Physical, chemical, and structural properties of subcritical water-treated cellulose derived from Sargassum horneri

To overcome the limitations of conventional nanocellulose – specifically cellulose nanocrystals and cellulose nanofibers – this study developed subcritical water-treated cellulose (SWT-C) using subcritical water treatment (SWT). In this work, SWT was applied to a solid residue obtained through conventional alkali and bleaching pretreatments to produce nanocellulose and the structural, physical, and chemical properties of SWT-C under various SWT conditions were evaluated. The yield of SWT-C decreased with increasing temperature and time, ranging from 9.54 ± 1.19% to 13.15 ± 1.27%. Entangled nanofibrillar networks were observed in SWT-C, with fiber diameters decreasing under harsher conditions. XRD analysis demonstrated that SWT enhanced crystallinity to 69.43 ± 2.61% (at 180 °C for 20 min). This value was higher than that of both the initial raw material (Sargassum horneri, 43.17 ± 1.07%) and the extracted micron-scale cellulose (57.25 ± 3.67%). FTIR spectra demonstrated enhanced peaks at 1430 and 898 cm⁻¹, indicating removal of amorphous regions and improved molecular alignment.
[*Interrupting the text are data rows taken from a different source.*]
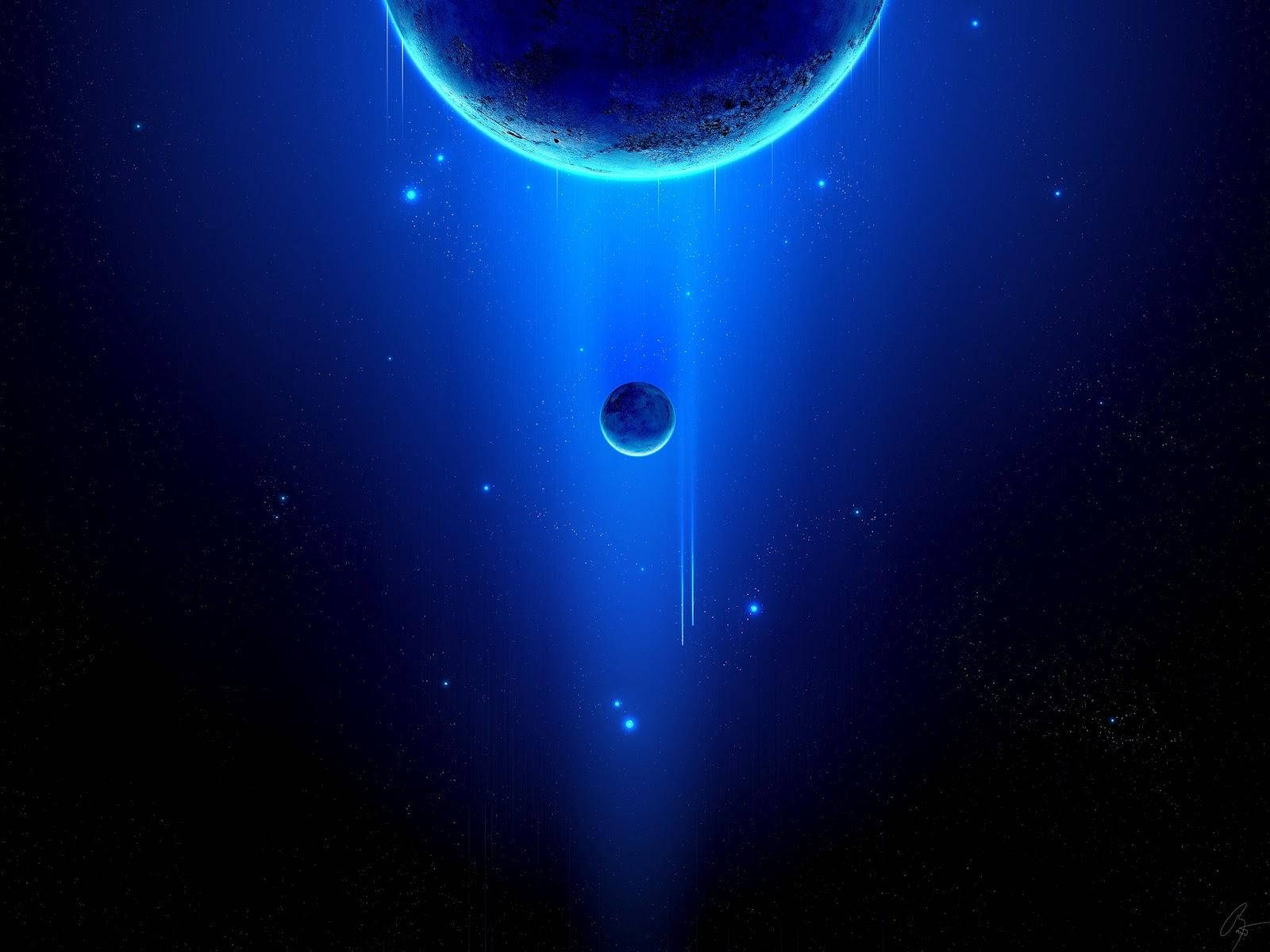 來自大行星的藍色發光光束照亮了星空場景中的一個小衛星。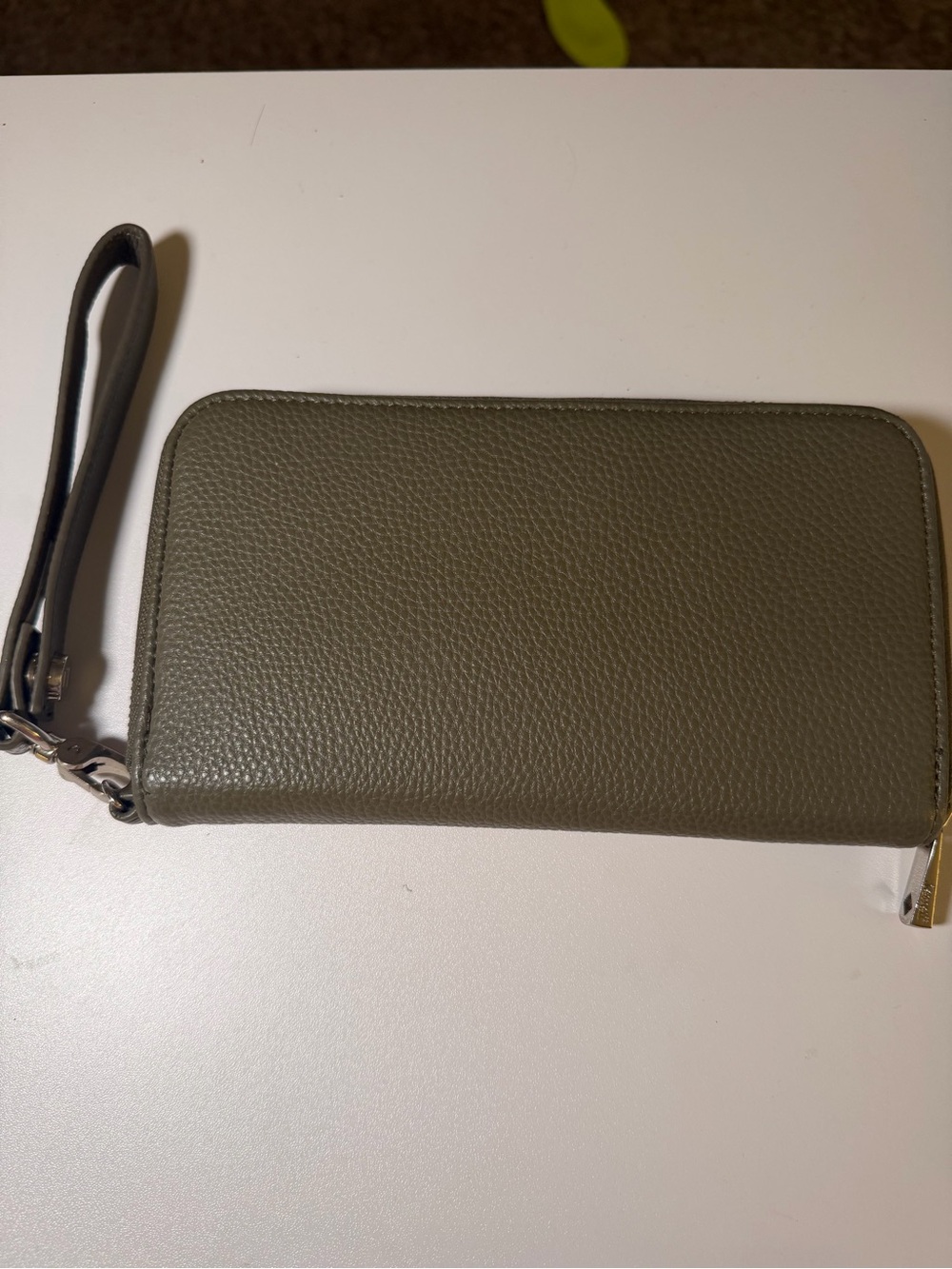 Olive Green Leather Wristlet Wallet - Thirty- One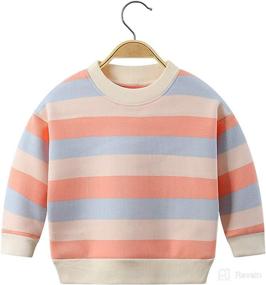 img 4 attached to Cozy and Stylish Ctskyte Toddler Unisex Kids Fleece Long Sleeve 👕 Pullover Sweatshirt with Stripes and Crew-Neck - Perfect for Fall and Winter!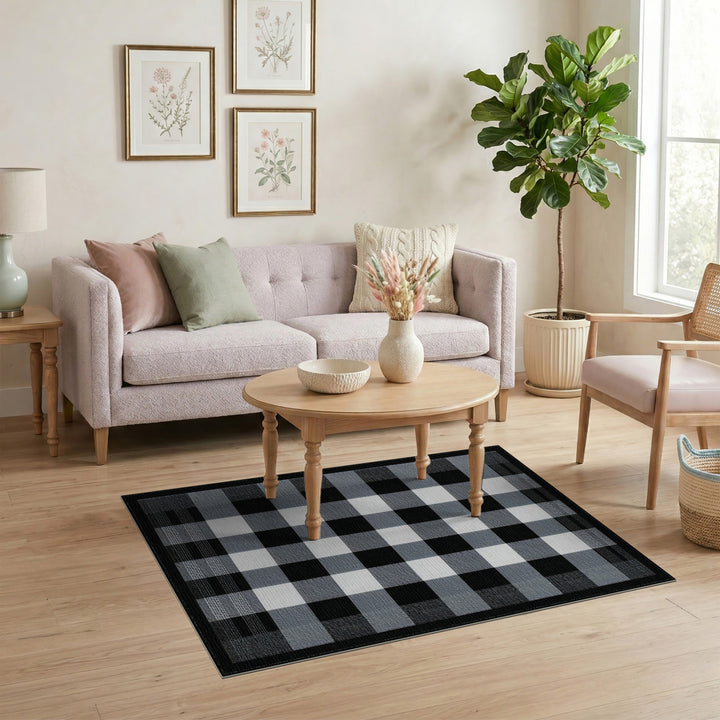 Black White Checkered Geometric Area Rug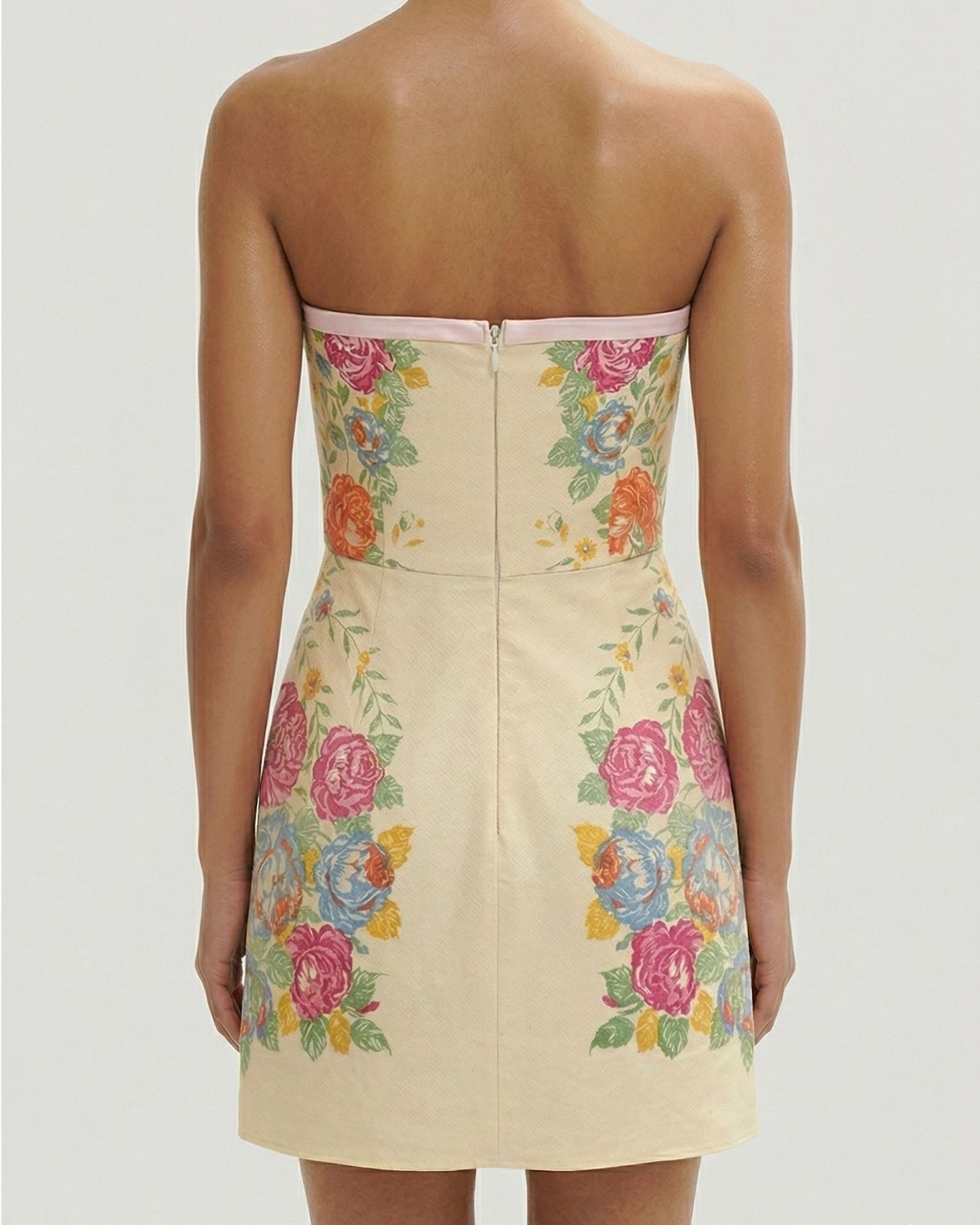 Strapless Floral Jacquard Mini Dress with Bow Detail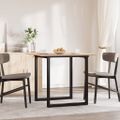 vidaXL Jedálenský stolík v tvare O 90x90x75 cm borovica a oceľ
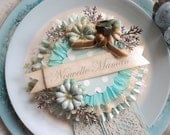 Mama Bird.  New Mommy Prize Ribbon Pin in Robin's Egg Blue with Lace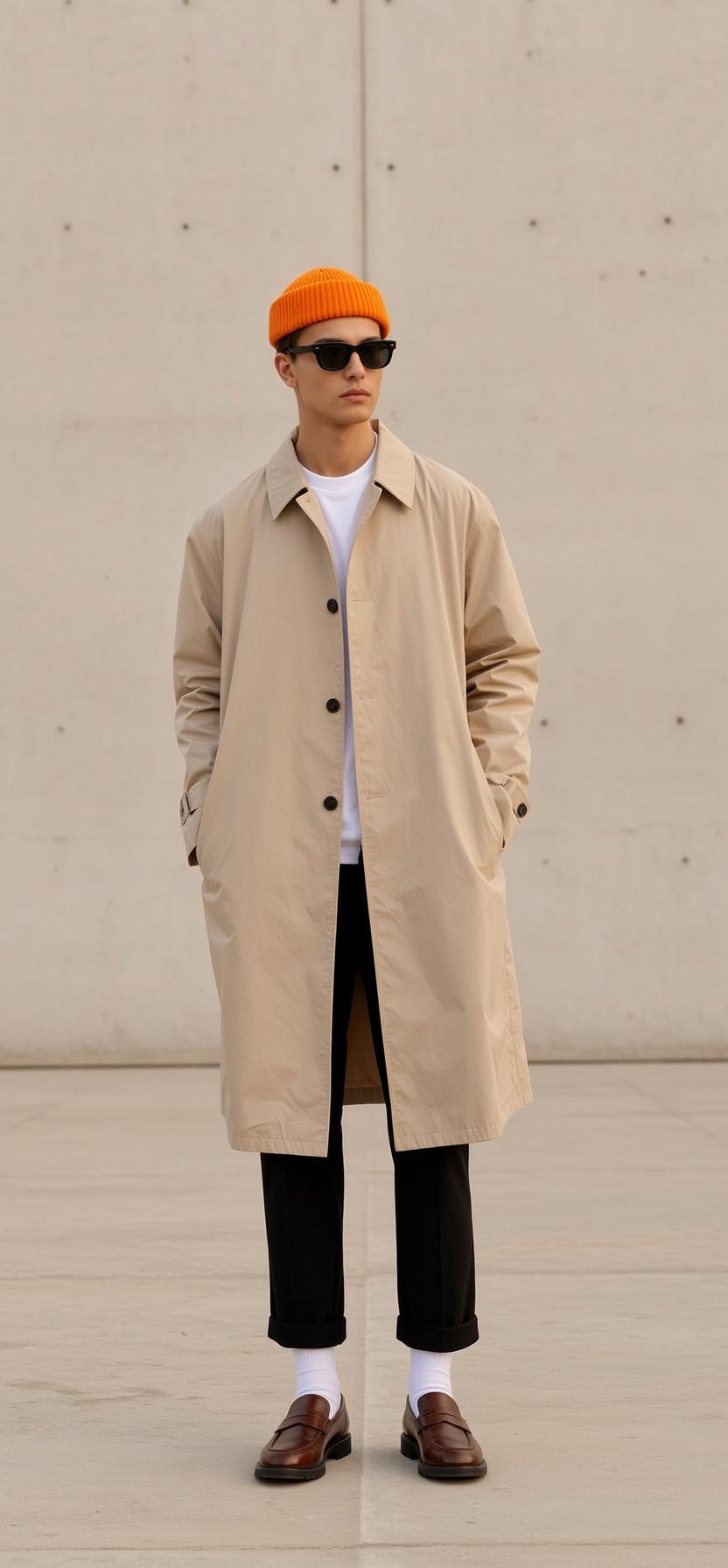 Beige Trench Coat Urban Setting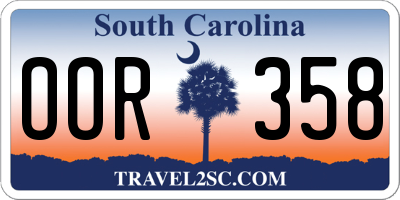 SC license plate OOR358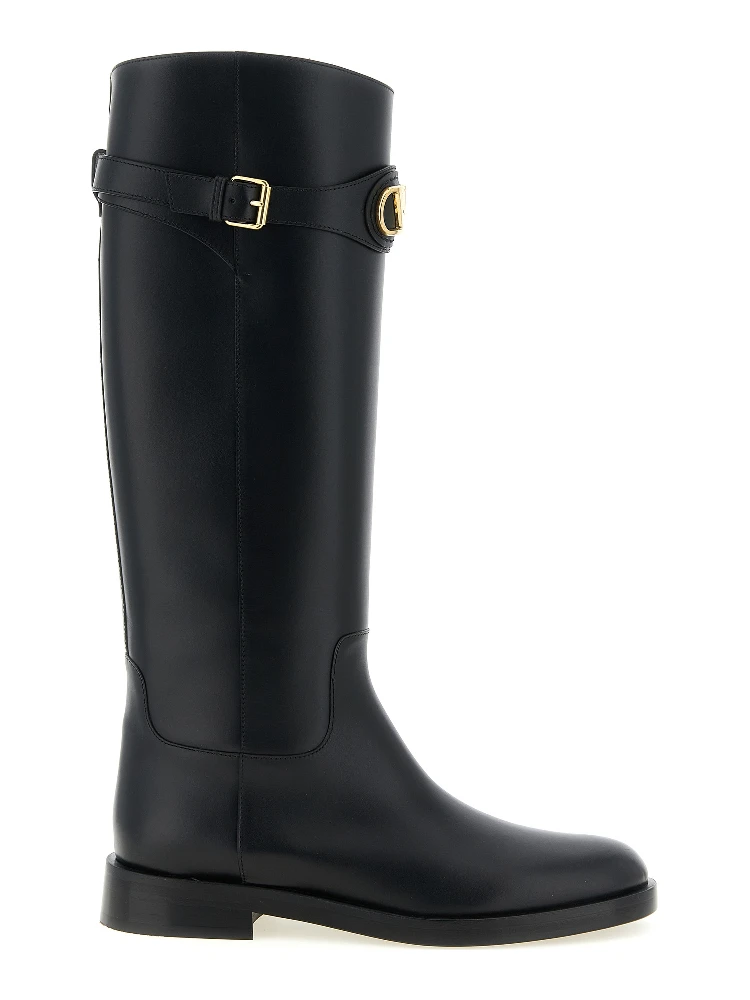 Black Calfskin Over The Knee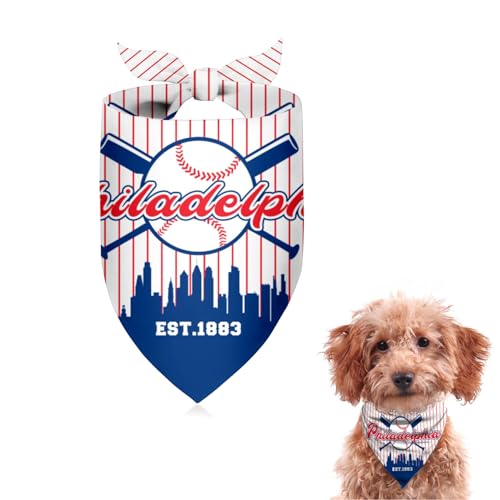 Pet Dog Bandana for Dogs, Baseball Cats Cotton Reversible Triangle Bid Scarf Perfect Game Day Dog Gifts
Colorimetric changes, attributed to 5-(Hydroxymethyl)furfural and furfural formation, included decreased L* and increased a* value as treatment conditions became harsher. Thermal analysis showed degradation and onset temperatures of 352.95 °C and 241.34 °C, respectively. Surface conductivity and polydispersity index (PDI) remained below 0.4 under optimal aqueous conditions: 160 °C for 60 min (0.1 wt%) and 160 °C for 40 min (0.2 wt%). These findings demonstrate that SWT significantly affects the physicochemical properties of SWT-C and highlight its potential as a sustainable material for food-related applications.